START Data records

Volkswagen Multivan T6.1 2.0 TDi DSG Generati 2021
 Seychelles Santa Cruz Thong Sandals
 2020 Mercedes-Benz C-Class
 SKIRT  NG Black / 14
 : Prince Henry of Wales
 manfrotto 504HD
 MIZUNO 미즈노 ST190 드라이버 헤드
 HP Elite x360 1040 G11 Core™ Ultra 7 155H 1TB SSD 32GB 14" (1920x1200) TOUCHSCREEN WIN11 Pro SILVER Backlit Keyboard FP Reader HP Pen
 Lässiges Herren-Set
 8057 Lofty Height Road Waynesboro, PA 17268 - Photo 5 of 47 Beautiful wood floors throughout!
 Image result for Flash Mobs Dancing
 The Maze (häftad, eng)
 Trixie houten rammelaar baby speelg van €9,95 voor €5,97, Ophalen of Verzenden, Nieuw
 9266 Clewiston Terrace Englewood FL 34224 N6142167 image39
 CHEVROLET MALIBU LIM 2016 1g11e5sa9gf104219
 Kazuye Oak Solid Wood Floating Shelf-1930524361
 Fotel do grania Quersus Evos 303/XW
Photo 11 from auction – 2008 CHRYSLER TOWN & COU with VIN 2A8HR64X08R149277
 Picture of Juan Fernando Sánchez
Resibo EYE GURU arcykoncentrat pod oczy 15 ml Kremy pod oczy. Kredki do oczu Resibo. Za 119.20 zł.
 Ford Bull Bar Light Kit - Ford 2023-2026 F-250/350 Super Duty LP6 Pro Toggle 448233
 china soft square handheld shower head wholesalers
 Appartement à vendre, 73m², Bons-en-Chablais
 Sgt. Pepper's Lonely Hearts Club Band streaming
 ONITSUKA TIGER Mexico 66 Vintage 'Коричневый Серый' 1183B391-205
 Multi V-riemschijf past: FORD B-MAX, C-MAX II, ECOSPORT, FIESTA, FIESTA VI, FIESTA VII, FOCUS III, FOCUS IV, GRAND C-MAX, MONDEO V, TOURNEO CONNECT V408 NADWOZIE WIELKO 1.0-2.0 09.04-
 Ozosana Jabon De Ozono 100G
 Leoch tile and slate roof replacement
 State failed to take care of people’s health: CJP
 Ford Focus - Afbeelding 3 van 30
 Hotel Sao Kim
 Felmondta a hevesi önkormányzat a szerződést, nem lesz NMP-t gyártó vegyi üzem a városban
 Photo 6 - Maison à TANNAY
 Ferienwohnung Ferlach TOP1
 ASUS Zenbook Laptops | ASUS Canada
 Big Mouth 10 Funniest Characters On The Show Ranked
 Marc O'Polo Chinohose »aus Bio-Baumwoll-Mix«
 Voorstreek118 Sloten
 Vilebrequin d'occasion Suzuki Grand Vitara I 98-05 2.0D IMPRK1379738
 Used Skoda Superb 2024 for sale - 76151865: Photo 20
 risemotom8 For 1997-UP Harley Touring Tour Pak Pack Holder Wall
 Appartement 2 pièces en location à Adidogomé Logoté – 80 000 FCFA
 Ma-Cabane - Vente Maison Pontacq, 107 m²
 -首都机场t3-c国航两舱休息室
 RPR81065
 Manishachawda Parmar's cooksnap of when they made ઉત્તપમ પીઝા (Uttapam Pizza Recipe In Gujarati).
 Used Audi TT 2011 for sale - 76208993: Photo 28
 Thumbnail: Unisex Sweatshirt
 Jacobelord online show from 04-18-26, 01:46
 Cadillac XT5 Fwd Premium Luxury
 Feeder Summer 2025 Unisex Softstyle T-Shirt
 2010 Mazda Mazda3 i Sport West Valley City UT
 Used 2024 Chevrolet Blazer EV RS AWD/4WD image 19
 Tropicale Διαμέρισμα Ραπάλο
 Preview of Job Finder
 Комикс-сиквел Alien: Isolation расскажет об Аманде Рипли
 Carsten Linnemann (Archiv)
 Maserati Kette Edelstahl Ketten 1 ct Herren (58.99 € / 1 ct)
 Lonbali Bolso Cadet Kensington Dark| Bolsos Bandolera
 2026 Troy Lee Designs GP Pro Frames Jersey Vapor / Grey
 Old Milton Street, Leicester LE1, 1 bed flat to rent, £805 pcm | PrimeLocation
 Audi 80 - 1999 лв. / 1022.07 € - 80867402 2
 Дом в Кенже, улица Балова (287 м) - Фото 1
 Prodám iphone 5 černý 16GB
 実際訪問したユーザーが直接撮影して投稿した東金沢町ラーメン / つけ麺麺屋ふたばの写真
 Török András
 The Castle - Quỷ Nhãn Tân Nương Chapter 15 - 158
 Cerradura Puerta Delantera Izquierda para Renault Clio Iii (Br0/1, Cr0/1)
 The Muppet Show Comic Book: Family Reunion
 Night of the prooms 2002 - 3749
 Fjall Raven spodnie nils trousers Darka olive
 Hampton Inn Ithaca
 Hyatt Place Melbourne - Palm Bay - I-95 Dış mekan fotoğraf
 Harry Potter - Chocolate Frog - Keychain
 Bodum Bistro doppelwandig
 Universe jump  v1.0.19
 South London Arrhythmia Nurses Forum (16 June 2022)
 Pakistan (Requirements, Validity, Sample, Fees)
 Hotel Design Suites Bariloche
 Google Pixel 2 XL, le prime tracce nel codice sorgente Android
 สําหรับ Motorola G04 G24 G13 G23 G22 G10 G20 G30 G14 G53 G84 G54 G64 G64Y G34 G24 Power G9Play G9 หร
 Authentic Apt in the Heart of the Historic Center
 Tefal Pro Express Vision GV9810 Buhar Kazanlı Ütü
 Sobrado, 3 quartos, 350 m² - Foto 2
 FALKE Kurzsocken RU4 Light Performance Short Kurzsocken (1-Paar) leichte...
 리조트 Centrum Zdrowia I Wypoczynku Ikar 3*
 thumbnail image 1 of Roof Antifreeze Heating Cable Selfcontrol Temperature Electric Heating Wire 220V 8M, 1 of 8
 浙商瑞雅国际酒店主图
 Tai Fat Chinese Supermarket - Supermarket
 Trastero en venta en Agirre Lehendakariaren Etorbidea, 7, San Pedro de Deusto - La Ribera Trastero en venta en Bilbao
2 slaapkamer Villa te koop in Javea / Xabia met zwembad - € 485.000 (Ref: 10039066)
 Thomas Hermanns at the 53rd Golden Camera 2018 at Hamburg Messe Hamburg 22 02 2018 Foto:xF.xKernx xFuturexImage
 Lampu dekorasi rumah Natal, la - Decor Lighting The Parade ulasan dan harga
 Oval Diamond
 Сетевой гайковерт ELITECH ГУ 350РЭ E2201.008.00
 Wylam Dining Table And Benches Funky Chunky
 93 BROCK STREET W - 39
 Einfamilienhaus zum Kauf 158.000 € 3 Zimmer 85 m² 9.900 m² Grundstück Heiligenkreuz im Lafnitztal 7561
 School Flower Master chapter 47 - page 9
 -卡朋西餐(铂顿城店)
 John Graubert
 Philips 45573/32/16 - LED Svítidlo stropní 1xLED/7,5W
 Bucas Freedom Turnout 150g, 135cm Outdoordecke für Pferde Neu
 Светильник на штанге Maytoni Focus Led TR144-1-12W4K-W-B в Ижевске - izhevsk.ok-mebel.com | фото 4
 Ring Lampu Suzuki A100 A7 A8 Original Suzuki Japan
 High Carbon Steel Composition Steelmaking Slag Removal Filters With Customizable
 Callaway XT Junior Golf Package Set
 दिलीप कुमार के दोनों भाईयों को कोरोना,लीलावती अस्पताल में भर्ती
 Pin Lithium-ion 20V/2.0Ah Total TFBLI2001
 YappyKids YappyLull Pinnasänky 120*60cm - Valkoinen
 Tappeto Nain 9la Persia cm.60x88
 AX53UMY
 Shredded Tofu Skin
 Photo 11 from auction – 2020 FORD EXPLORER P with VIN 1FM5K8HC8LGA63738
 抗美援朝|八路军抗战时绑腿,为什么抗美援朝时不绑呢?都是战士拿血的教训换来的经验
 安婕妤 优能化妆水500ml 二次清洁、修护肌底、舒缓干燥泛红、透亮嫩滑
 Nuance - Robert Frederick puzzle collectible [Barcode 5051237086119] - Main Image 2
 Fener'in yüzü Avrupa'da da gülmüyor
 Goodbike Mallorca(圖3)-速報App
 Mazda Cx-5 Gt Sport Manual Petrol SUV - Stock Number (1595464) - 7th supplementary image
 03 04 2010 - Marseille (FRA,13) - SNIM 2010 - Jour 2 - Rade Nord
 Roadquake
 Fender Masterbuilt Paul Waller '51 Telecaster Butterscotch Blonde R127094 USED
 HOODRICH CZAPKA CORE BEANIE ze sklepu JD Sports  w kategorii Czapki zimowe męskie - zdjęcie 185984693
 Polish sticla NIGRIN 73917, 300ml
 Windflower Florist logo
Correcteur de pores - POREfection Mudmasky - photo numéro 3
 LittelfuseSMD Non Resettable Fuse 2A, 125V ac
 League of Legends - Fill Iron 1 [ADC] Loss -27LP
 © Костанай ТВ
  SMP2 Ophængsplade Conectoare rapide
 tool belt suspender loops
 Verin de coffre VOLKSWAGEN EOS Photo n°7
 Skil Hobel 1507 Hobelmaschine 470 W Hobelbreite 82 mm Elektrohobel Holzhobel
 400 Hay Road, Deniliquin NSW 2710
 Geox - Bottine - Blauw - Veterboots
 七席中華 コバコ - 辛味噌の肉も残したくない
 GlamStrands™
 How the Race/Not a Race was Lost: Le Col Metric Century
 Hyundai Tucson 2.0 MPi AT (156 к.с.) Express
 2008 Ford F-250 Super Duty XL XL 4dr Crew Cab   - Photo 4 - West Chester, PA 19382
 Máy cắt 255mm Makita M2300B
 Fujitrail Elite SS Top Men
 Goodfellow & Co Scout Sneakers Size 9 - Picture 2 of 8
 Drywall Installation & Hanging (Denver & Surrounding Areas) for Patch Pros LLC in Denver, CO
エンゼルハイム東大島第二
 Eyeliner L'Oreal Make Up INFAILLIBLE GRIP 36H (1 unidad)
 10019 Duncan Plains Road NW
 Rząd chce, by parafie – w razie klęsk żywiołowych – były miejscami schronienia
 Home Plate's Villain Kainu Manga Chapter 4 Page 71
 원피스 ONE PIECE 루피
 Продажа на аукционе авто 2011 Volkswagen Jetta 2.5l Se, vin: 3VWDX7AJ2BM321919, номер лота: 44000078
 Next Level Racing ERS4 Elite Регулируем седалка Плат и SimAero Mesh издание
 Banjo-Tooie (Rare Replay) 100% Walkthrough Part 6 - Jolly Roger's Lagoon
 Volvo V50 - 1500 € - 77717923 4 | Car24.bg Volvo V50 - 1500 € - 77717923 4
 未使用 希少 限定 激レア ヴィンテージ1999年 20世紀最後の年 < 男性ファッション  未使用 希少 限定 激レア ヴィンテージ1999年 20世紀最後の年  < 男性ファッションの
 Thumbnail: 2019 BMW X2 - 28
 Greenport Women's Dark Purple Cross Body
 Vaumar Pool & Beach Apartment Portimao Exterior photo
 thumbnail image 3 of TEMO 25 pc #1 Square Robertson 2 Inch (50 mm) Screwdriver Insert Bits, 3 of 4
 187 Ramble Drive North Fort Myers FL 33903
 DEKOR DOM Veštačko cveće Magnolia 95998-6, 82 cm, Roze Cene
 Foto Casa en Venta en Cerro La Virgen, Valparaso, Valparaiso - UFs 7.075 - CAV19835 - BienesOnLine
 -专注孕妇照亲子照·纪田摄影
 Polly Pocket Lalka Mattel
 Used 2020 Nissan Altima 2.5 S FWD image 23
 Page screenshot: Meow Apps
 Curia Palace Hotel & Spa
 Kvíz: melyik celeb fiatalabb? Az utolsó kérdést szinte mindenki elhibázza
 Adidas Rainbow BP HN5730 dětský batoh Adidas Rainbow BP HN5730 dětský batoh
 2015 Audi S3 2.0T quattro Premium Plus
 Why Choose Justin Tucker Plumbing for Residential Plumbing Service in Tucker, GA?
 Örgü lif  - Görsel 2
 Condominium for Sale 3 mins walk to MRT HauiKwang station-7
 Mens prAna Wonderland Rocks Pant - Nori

END Data records

▸ **Brief**:
Look above for the line with "187 Ramble Drive North Fort Myers FL 33903" and the line with "2015 Audi S3 2.0T quattro Premium Plus". Write out those two lines and all the lines between them, exactly, and no others.

▸ **Completed exercise**:
 187 Ramble Drive North Fort Myers FL 33903
 DEKOR DOM Veštačko cveće Magnolia 95998-6, 82 cm, Roze Cene
 Foto Casa en Venta en Cerro La Virgen, Valparaso, Valparaiso - UFs 7.075 - CAV19835 - BienesOnLine
 -专注孕妇照亲子照·纪田摄影
 Polly Pocket Lalka Mattel
 Used 2020 Nissan Altima 2.5 S FWD image 23
 Page screenshot: Meow Apps
 Curia Palace Hotel & Spa
 Kvíz: melyik celeb fiatalabb? Az utolsó kérdést szinte mindenki elhibázza
 Adidas Rainbow BP HN5730 dětský batoh Adidas Rainbow BP HN5730 dětský batoh
 2015 Audi S3 2.0T quattro Premium Plus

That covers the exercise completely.